As part of the transformation, Hill started the Awake America crusades to export the Pensacola experience. Since 1997, Hill has held 14 Awake America rallies attracting 168,000 people; the largest was an event in Dallas drawing 25,000. Increasingly, Hill is focusing his efforts on the Northeast.

"I believe the Northeast can lead the United States," Hill said in an interview last week before his appearance at the Continental Arena.

He noted that previous great revival movements in America started in the Northeast: The first Great Awakening in the 18th century was begun by Jonathan Edwards (who is buried in Princeton), and the second Great Awakening in the early 19th century centered in the "burnt-over" district of New York State.

"I would love to see that happen again," Hill said.

Religious historians are dubious. Modern-day Pentecostalism grew out of the Holiness movement of the 19th century, itself an outgrowth of Methodism. The Holiness movement built on John Wesley's teachings about the importance of inner sanctification and placed a premium on a personal experience of God.

For Pentecostals, that came to mean a supernatural experience akin to the original Christian Pentecost, when, the New Testament says, the Holy Spirit descended with "tongues of fire" on the apostles 50 days after Jesus' crucifixion (Acts 2:42). This original "pouring out" of the spirit caused the disciples to speak in foreign tongues previously unknown to them and to behave so unusually that observers thought they were drunk.

Modern-day Pentecostalism dates from Jan. 1, 1901, when a young woman, Agnes Ozman, began speaking in tongues at a Topeka, Kan., revival. The movement exploded a few years later in Los Angeles when a black Holiness preacher, William Seymour, started preaching out of a converted stable on April 9, 1906.

The Azusa Street revival, as it came to be known, spread across the nation as part of what is considered America's third Great Awakening. Pentecostals eventually settled into two main denominations, the largely white Assemblies of God and the predominantly African-American Church of God in Christ.
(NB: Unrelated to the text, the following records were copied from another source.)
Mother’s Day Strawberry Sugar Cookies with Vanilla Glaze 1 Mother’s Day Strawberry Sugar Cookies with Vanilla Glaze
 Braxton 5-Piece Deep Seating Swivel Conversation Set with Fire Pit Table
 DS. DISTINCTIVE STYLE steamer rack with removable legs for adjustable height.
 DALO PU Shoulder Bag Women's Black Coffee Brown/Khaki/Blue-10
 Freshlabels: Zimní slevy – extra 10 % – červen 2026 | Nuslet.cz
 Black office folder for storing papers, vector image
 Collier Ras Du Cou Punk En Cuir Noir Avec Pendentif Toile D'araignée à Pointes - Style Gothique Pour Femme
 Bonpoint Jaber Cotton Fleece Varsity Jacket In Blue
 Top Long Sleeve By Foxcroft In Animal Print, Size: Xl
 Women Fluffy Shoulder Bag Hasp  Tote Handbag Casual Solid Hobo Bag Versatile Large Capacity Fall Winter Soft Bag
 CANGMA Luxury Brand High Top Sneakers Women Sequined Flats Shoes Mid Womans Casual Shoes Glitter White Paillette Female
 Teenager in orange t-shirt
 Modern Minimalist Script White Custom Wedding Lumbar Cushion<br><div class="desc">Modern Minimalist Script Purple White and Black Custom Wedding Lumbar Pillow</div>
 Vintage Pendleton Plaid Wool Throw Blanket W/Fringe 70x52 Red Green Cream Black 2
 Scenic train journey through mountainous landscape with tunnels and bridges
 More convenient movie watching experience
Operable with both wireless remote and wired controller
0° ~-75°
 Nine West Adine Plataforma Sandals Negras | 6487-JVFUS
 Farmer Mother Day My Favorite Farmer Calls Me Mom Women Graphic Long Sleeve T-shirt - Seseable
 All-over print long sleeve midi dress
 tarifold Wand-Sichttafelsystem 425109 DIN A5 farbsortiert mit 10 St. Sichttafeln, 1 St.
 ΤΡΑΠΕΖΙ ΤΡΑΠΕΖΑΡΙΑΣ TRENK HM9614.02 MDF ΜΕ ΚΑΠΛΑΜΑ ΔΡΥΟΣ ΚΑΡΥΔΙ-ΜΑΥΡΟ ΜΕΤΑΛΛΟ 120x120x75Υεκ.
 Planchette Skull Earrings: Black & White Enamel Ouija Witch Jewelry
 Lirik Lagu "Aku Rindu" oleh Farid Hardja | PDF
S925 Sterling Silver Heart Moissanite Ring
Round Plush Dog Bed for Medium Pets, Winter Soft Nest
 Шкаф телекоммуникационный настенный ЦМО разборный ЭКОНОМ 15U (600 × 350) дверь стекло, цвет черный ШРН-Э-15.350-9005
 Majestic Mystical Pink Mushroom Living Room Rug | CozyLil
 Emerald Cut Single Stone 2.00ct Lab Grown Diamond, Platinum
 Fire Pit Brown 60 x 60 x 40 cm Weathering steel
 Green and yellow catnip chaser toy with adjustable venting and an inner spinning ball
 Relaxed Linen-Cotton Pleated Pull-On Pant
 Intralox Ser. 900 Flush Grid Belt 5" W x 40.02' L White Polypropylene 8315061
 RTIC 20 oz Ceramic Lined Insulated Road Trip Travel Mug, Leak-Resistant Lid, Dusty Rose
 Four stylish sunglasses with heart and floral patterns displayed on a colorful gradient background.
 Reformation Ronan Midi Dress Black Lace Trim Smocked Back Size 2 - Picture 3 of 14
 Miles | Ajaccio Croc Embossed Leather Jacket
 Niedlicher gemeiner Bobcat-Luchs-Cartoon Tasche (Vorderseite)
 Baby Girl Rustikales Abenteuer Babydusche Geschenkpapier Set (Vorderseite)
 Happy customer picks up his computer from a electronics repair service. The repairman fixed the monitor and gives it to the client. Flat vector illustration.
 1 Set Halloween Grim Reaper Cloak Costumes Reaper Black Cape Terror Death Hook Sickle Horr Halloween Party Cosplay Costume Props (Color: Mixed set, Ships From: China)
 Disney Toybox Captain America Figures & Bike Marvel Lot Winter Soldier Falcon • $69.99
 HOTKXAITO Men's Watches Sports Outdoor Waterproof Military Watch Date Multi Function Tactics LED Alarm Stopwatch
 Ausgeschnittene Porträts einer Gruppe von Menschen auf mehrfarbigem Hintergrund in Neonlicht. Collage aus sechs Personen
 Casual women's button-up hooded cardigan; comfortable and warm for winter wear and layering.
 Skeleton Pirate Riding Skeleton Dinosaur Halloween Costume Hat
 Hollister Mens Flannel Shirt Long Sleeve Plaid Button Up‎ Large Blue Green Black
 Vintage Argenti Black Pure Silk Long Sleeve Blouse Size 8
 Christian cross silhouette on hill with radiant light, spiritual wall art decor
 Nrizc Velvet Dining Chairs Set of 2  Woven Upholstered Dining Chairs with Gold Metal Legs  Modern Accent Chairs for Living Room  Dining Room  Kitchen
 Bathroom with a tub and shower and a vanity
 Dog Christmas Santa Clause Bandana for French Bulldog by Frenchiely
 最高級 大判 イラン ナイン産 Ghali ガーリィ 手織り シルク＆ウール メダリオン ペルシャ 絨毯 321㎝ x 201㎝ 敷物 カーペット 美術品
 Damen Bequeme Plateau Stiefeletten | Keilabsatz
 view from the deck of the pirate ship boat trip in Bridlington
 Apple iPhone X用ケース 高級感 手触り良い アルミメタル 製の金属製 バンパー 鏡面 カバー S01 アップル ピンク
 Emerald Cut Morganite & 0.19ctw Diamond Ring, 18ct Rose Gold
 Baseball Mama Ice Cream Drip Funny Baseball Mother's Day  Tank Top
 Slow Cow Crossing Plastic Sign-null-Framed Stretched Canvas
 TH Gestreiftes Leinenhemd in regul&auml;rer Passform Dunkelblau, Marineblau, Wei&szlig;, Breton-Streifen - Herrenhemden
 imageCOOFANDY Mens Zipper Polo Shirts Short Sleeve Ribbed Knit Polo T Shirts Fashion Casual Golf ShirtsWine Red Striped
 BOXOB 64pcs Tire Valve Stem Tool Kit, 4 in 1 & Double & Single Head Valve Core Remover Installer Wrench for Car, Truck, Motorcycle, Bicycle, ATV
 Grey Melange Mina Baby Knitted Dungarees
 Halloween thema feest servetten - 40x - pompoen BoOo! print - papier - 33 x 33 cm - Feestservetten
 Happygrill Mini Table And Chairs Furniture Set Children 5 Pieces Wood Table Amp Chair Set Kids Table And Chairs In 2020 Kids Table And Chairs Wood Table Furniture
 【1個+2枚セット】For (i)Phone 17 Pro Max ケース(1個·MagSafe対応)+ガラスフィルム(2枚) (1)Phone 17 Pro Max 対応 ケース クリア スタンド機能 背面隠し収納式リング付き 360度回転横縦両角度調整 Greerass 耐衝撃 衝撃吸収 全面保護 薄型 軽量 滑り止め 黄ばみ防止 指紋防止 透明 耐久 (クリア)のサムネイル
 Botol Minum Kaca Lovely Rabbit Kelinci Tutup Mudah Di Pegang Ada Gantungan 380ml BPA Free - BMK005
Together, they total as many as 10 million believers in the United States.

For all of its power, however, the revival had only sporadic success in the Northeast. (A notable exception was in Atlantic City, where, after a long-running revival, the newspapers of the time reported that just 11 city residents had been unaffected by the Holy Spirit.)

Some of the same obstacles that prevailed then also are likely to mitigate against a massive "Meadowlands Outpouring" after this week's gatherings, according to religion experts and some church leaders.

For one thing, New Jersey's Christians are largely traditional, middle-class Roman Catholics and old-line Protestants who tend to disapprove of displays of religious emotionalism such as barking like a dog or miraculous healings, experiences that Pentecostals say are integral, even necessary, to prove that a believer has a true relationship with God.

"I think in the North, for the most part, we're a little more reserved," said Wyckoff's Pastor James. "Those things don't wear as well."

Another issue is that in the North, especially, Pentecostals still face suspicions left over from the television evangelist scandals of the Eighties, when high-flying Pentecostal-style preachers such as Jimmy Swaggart and Jim and Tammy Faye Bakker were brought down by tawdry fiscal and sexual trangressions.

But the organizers are undaunted. They are expecting at least 12,000 people from 250 churches, most in New Jersey. Hill says the movement is just beginning.

"There are 250 million people in the United States," Hill said with the optimism integral to a movement such as his. "We have had 3.5 million come through Brownsville. So what? We haven't even begun to tap this nation."